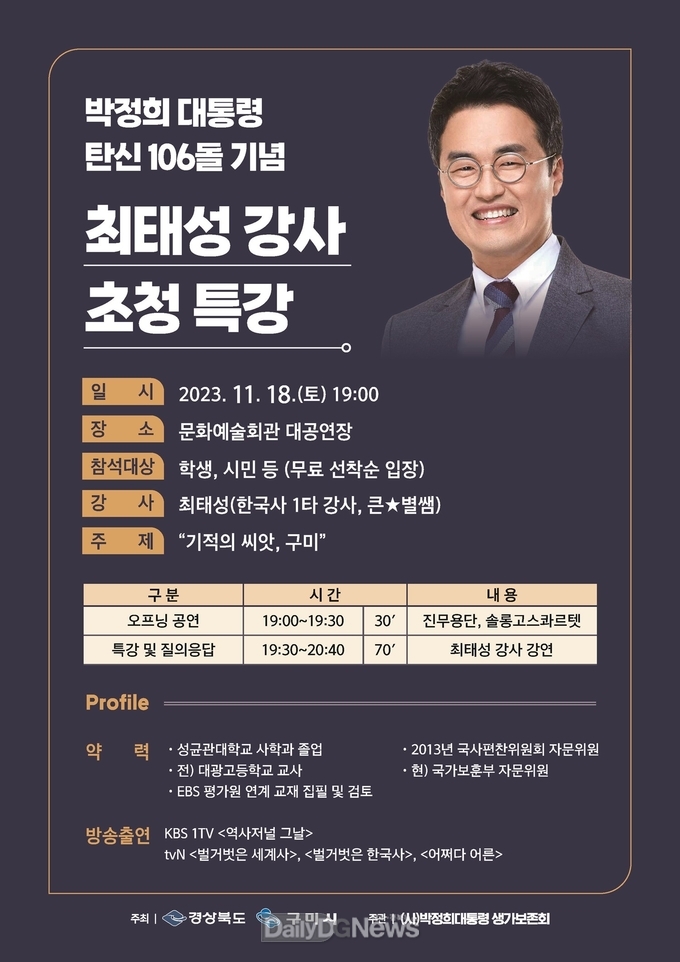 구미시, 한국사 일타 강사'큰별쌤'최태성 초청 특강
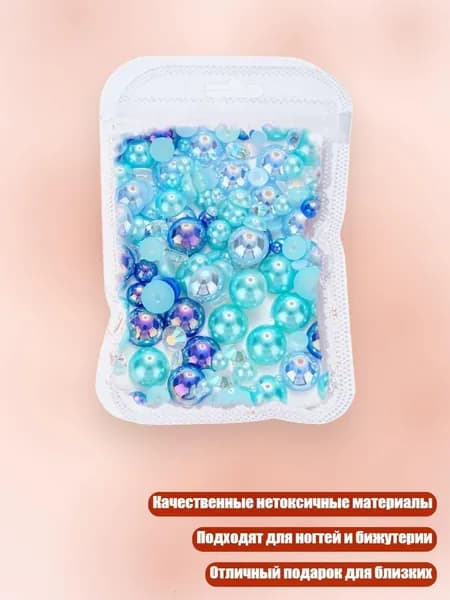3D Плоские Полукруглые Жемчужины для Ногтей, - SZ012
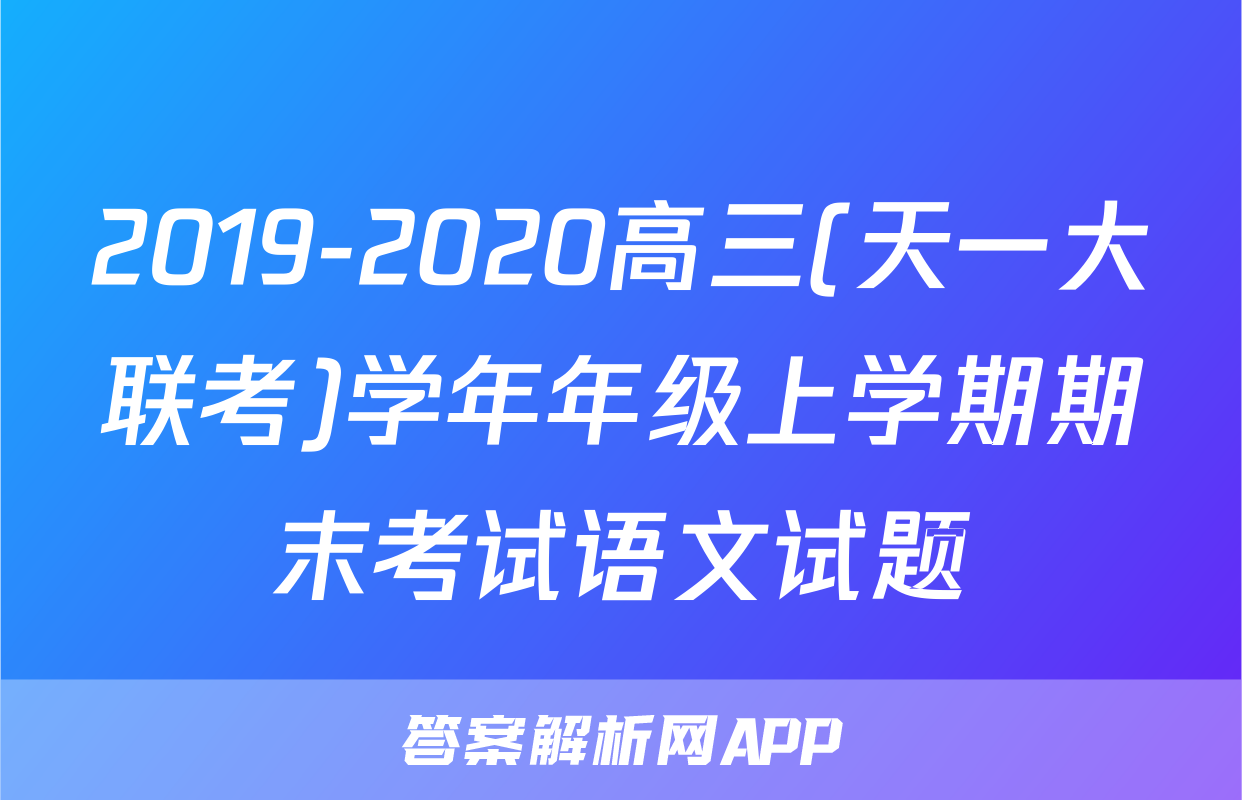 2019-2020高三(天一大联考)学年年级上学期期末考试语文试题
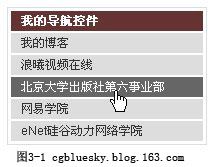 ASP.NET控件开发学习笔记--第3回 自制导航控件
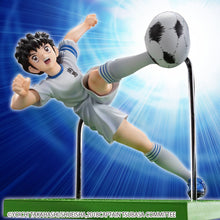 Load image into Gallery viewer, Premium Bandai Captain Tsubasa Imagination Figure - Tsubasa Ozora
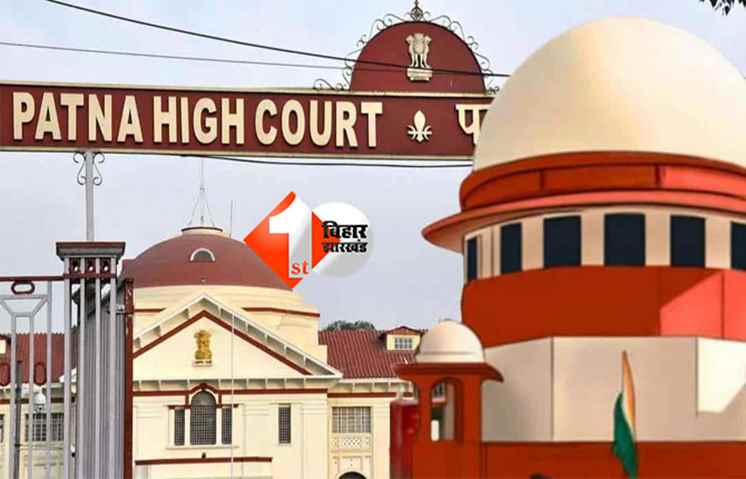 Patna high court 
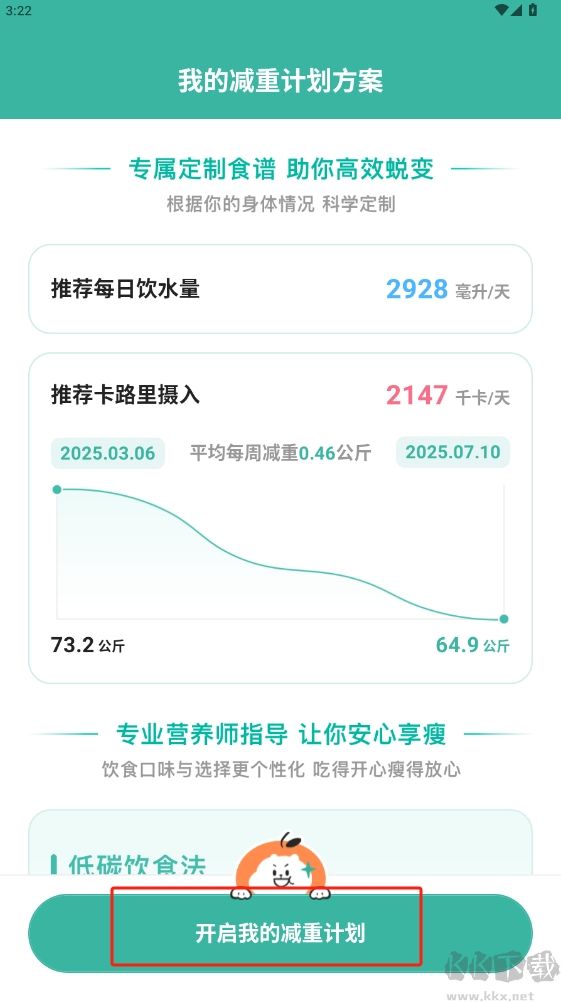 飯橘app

+===+

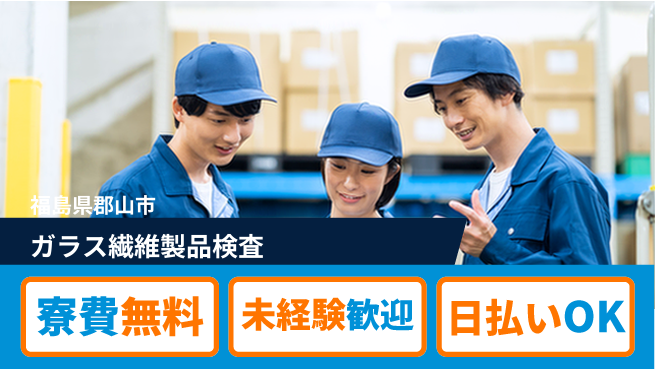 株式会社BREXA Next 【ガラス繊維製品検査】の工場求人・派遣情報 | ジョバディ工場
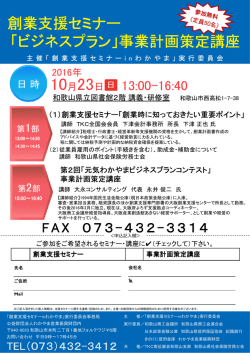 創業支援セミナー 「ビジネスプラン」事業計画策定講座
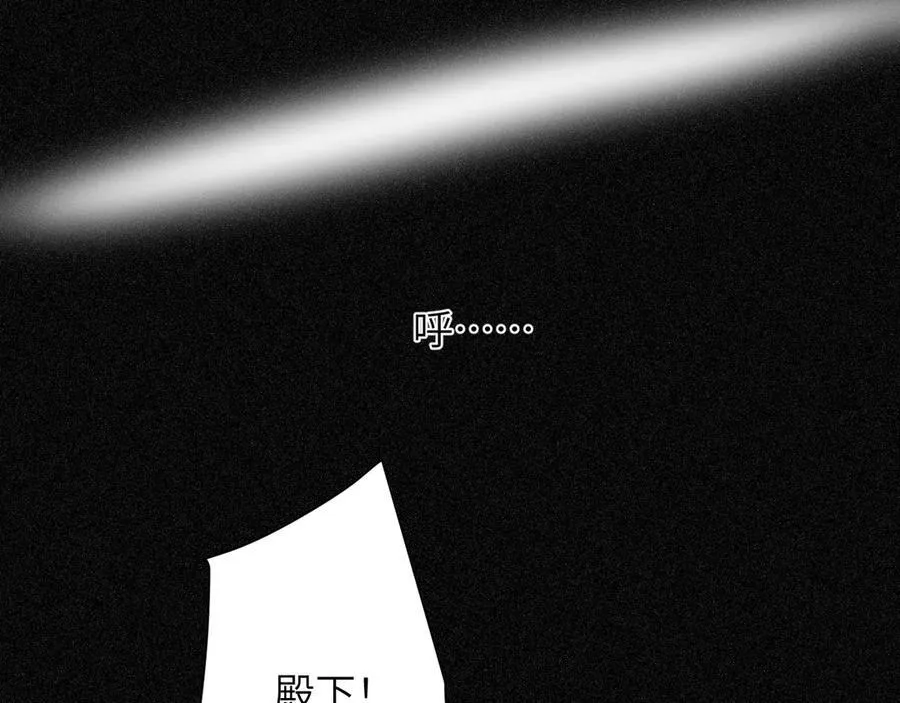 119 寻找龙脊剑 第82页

+===+

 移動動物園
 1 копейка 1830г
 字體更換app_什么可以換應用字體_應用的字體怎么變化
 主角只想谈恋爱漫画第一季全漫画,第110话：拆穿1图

+===+

Taking the listing above as the source, transcribe only the lines starting at the line with "字體更換app_什么可以換應用字體_應用的字體怎么變化" and going through the line with "主角只想谈恋爱漫画第一季全漫画,第110话：拆穿1图", unaltered and with both ends included.

ANSWER TO THIS TASK >>
 字體更換app_什么可以換應用字體_應用的字體怎么變化
 主角只想谈恋爱漫画第一季全漫画,第110话：拆穿1图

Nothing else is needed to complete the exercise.